EXERCISE INSTRUCTIONS
Please print every record below exactly as it appears, but leave out the pictures.

========

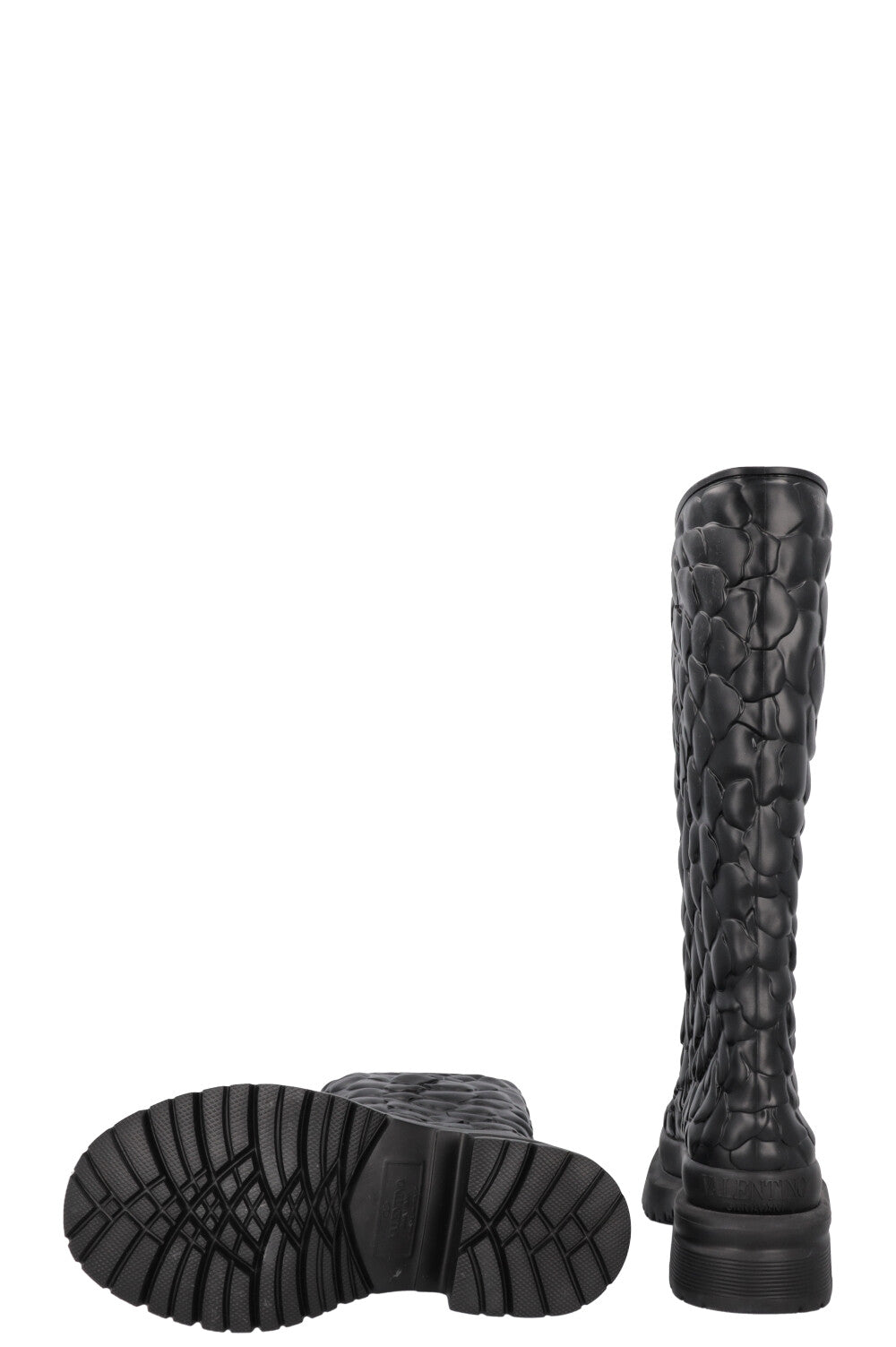 VALENTINO Floral Embossed PVC Knee High Boots Black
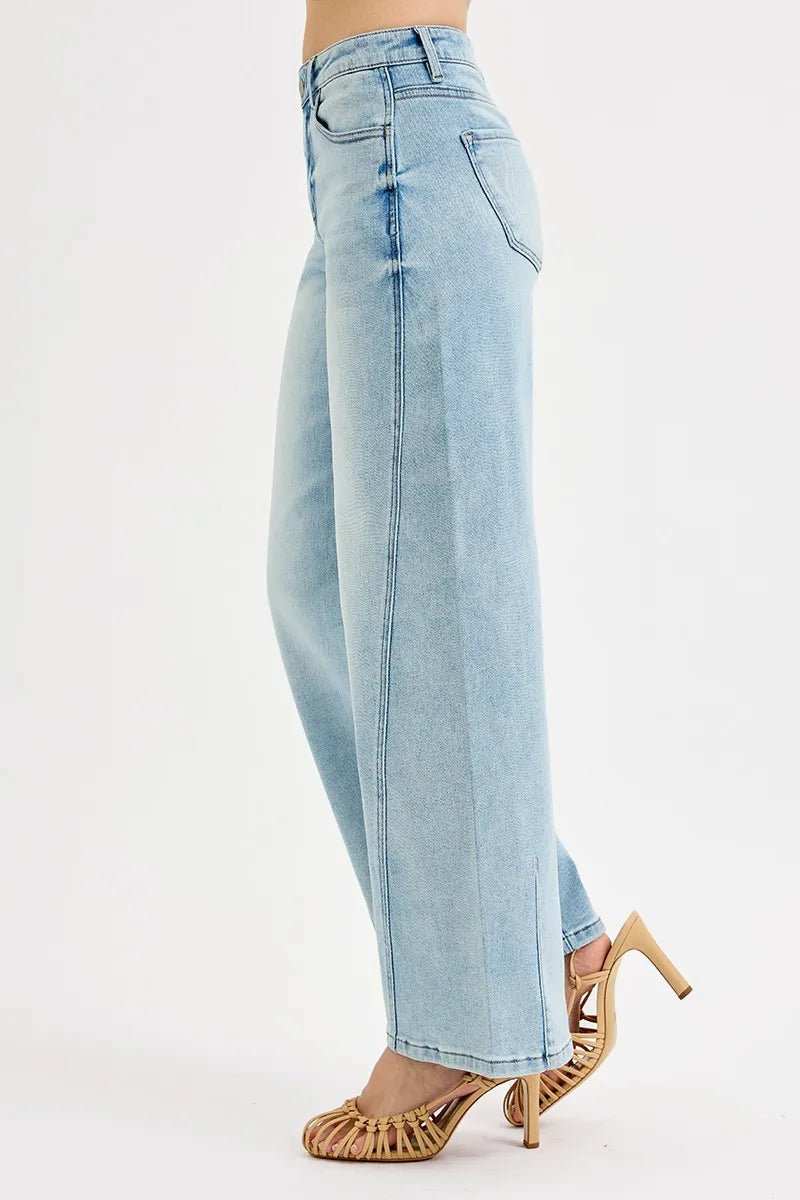 RISEN Full Size Mid Rise Fit Barrel Jeans Plus Size - Trendsi - Flyclothing LLC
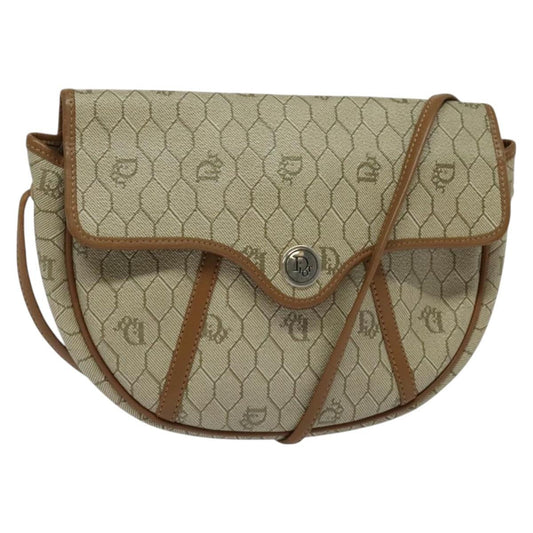 Christian Dior Vintage Honeycomb Shoulder Bag Canvas Beige Canvas Bag ()
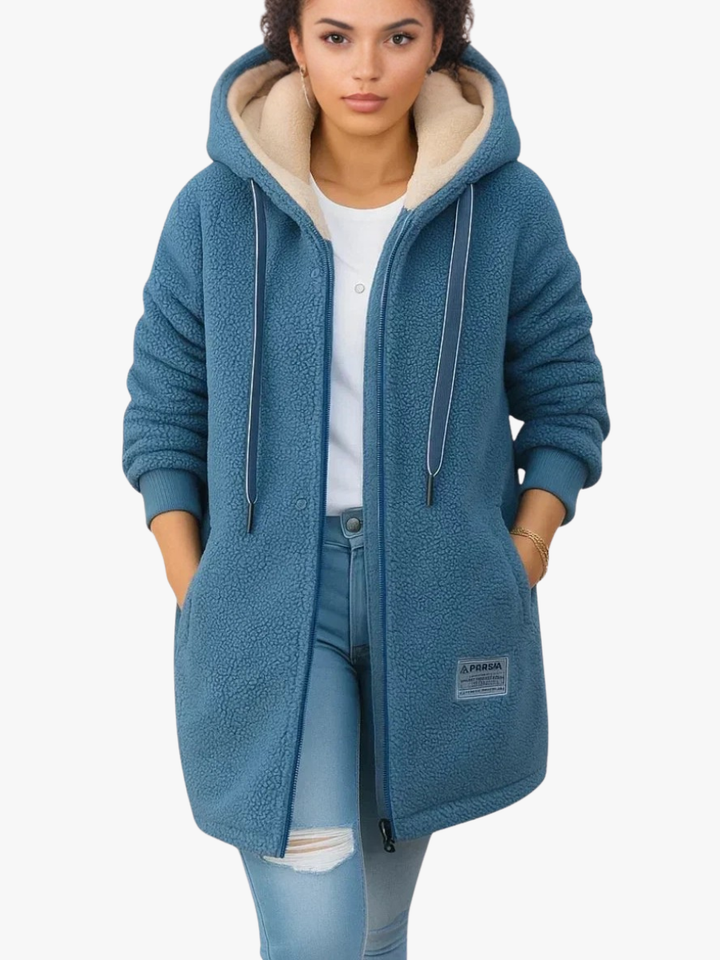 Sylvie | Veste Longue Femme à Capuche avec Poches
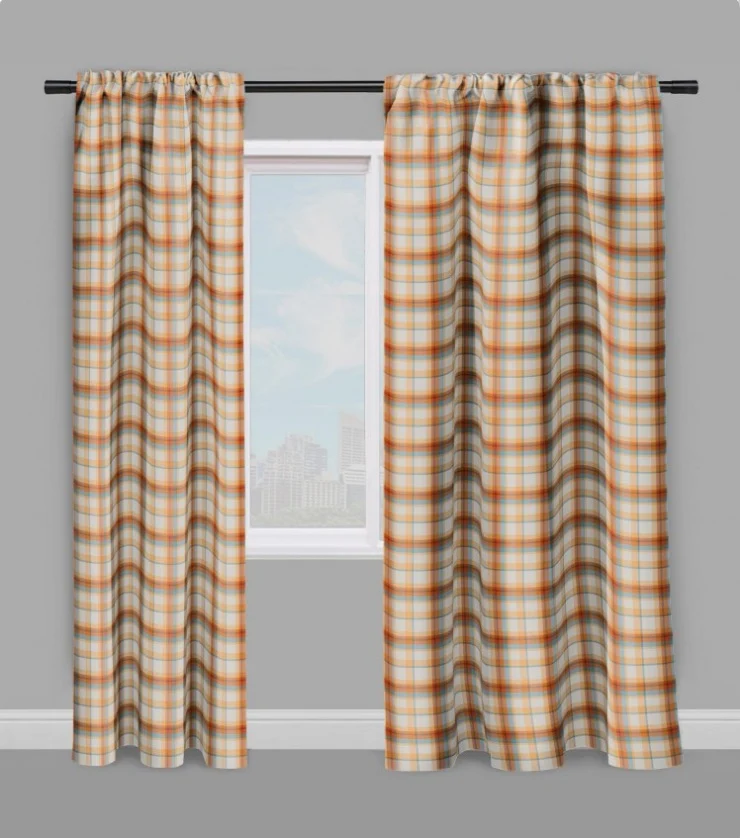 Tissu carreaux Madras Antillais Réunion mètre motif lignes rayures beige ignifugé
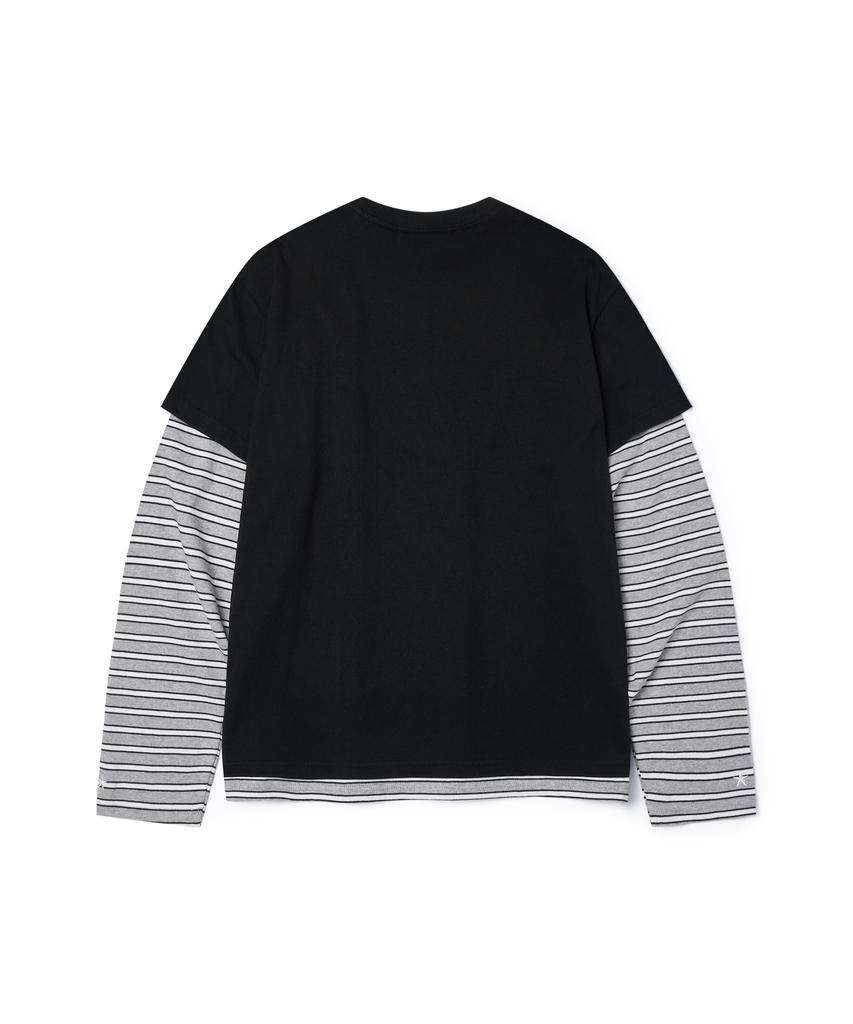 Lujeoseukeulleob Star Logo Applique Long Sleeve T-Shirt Black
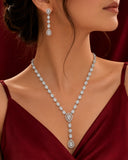 Silver Finish American Diamond Drop Necklace Set for Women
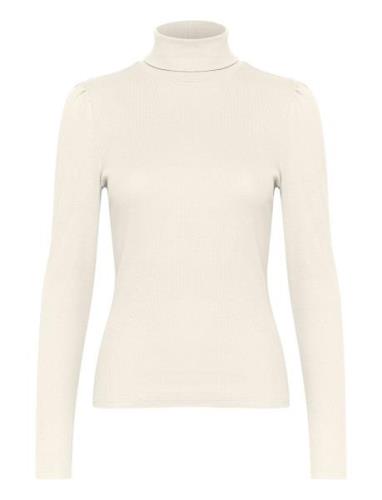 Drewgz Rollneck Puff Noos Tops Knitwear Turtleneck Cream Gestuz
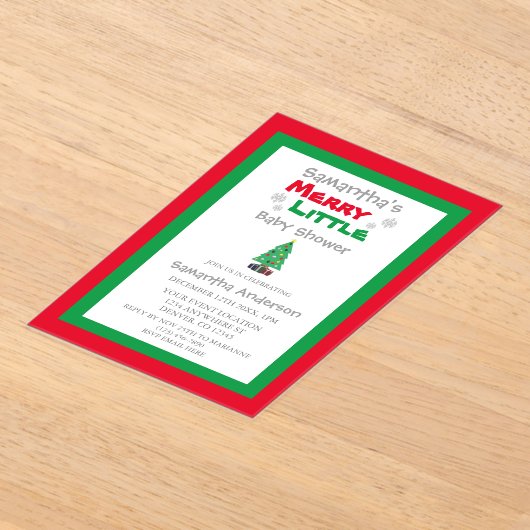 Merry Little Baby shower Acryl Uitnodigingen (Laagn)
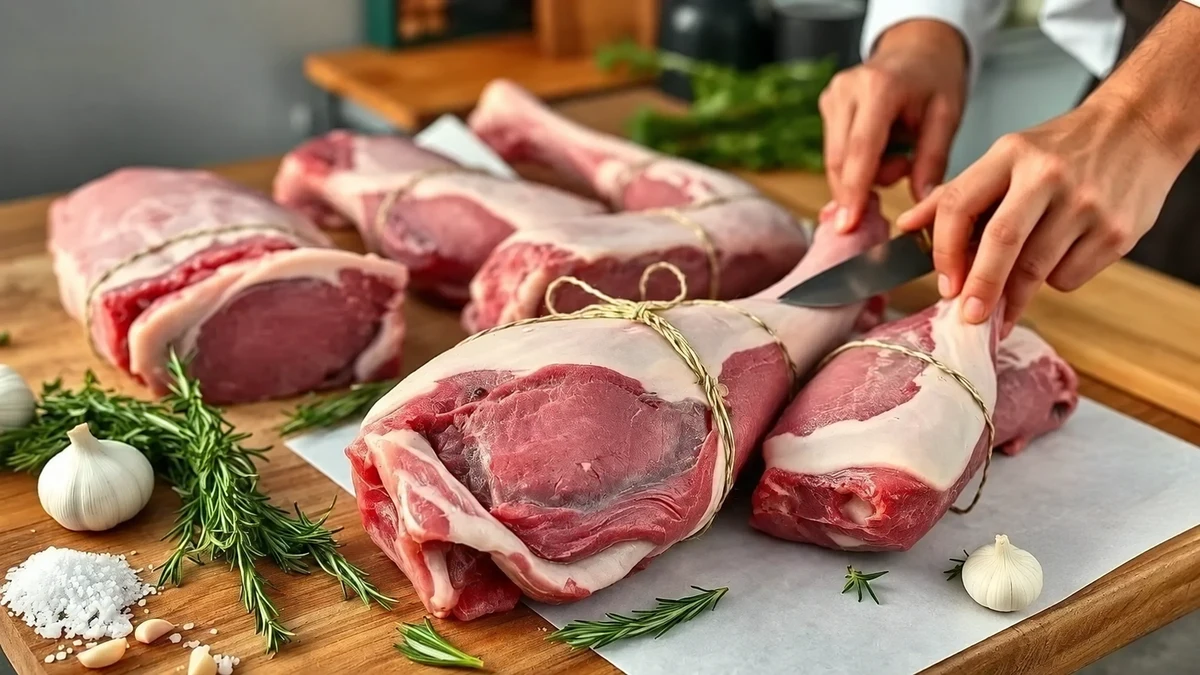 Préparation de morceaux d’agneau sur une planche à découper, avec ail et romarin. Préparation de morceaux d’agneau sur une planche à découper, avec ail et romarin.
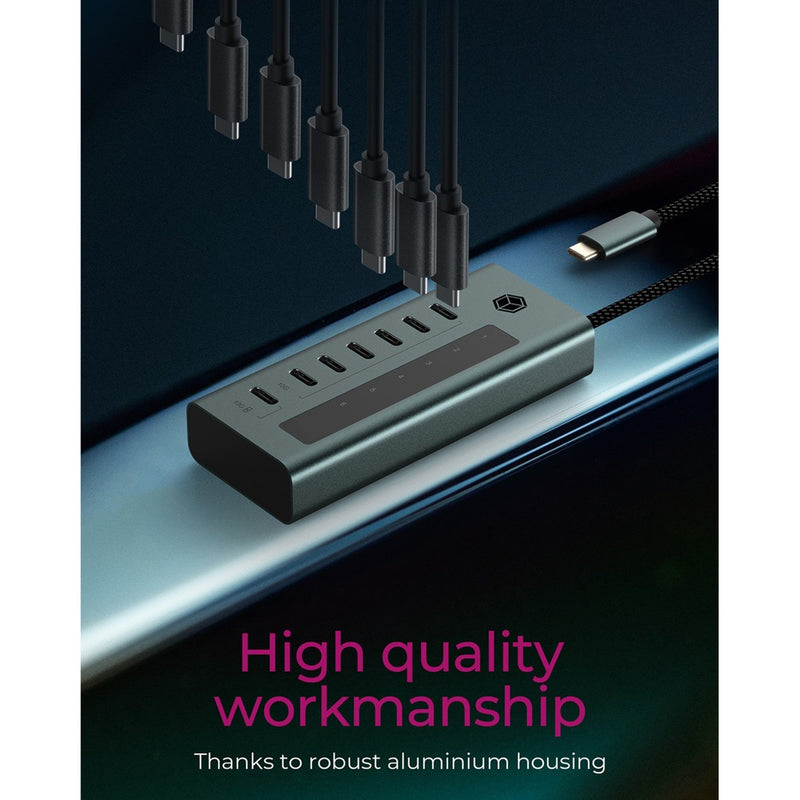 Afbeelding laden in galerijviewer, Icy box 7-port usb-c 3.2 gen 2 usb-hub (blauwgrijs)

========

OUTPUT
 VALENTINO Floral Embossed PVC Knee High Boots Black
 RISEN Full Size Mid Rise Fit Barrel Jeans Plus Size - Trendsi - Flyclothing LLC
 Christian Dior Vintage Honeycomb Shoulder Bag Canvas Beige Canvas Bag ()
 Sylvie | Veste Longue Femme à Capuche avec Poches
 Tissu carreaux Madras Antillais Réunion mètre motif lignes rayures beige ignifugé
 Lujeoseukeulleob Star Logo Applique Long Sleeve T-Shirt Black
 Silver Finish American Diamond Drop Necklace Set for Women
 Drewgz Rollneck Puff Noos Tops Knitwear Turtleneck Cream Gestuz
 Merry Little Baby shower Acryl Uitnodigingen (Laagn)
 Préparation de morceaux d’agneau sur une planche à découper, avec ail et romarin. Préparation de morceaux d’agneau sur une planche à découper, avec ail et romarin.
 Afbeelding laden in galerijviewer, Icy box 7-port usb-c 3.2 gen 2 usb-hub (blauwgrijs)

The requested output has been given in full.